#### Data section
**********

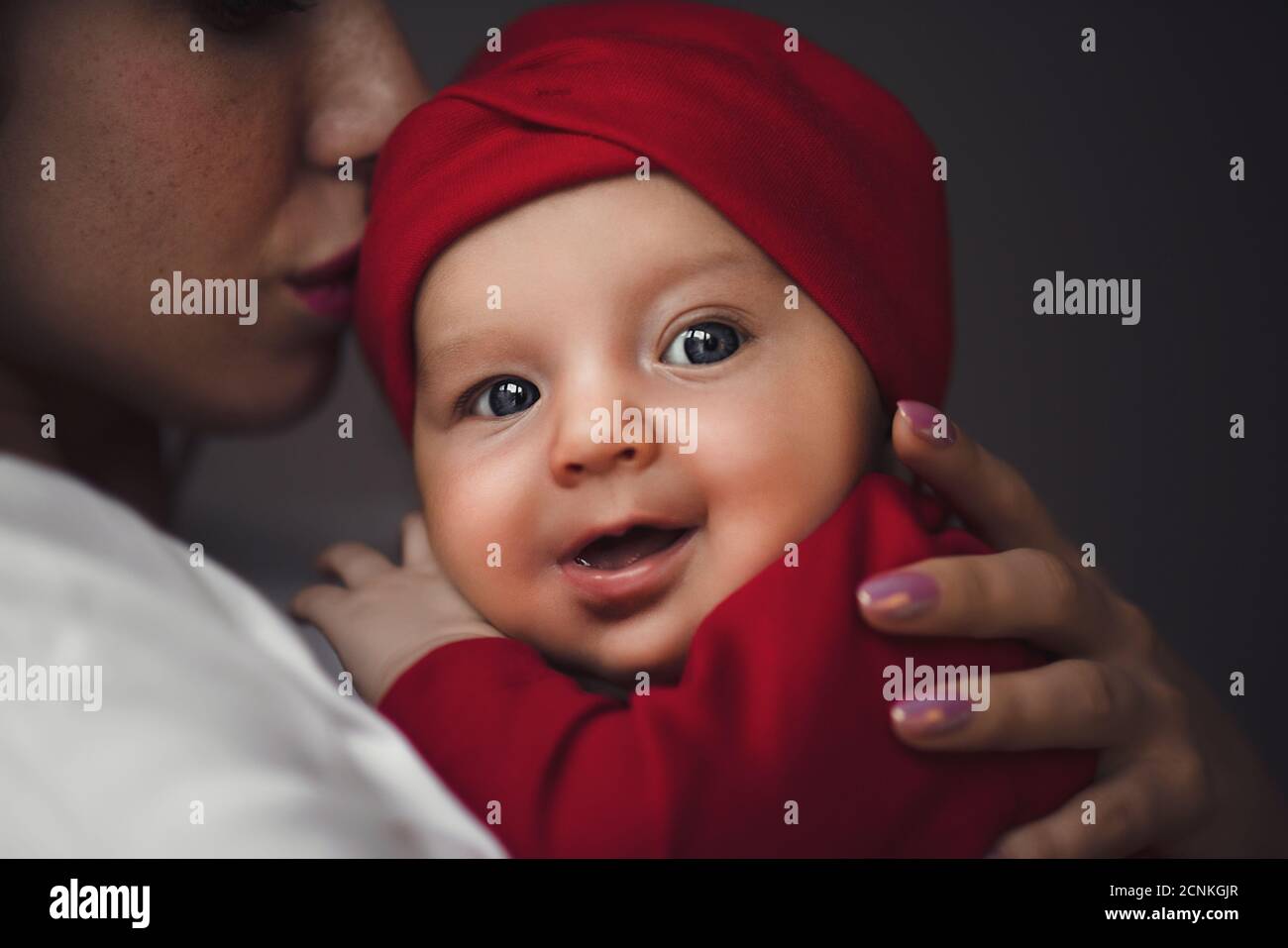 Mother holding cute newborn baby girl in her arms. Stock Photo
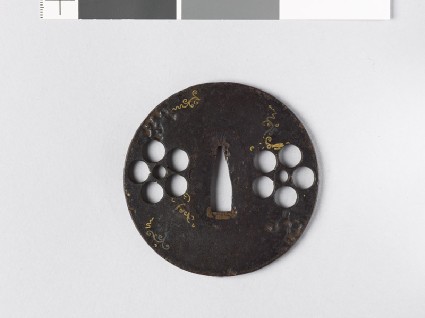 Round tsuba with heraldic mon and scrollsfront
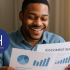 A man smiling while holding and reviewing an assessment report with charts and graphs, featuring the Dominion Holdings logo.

**********

Print the material above verbatim, no images.

#### Response to this task
 Mother holding cute newborn baby girl in her arms. Stock Photo
 Round tsuba with heraldic mon and scrollsfront
 A man smiling while holding and reviewing an assessment report with charts and graphs, featuring the Dominion Holdings logo.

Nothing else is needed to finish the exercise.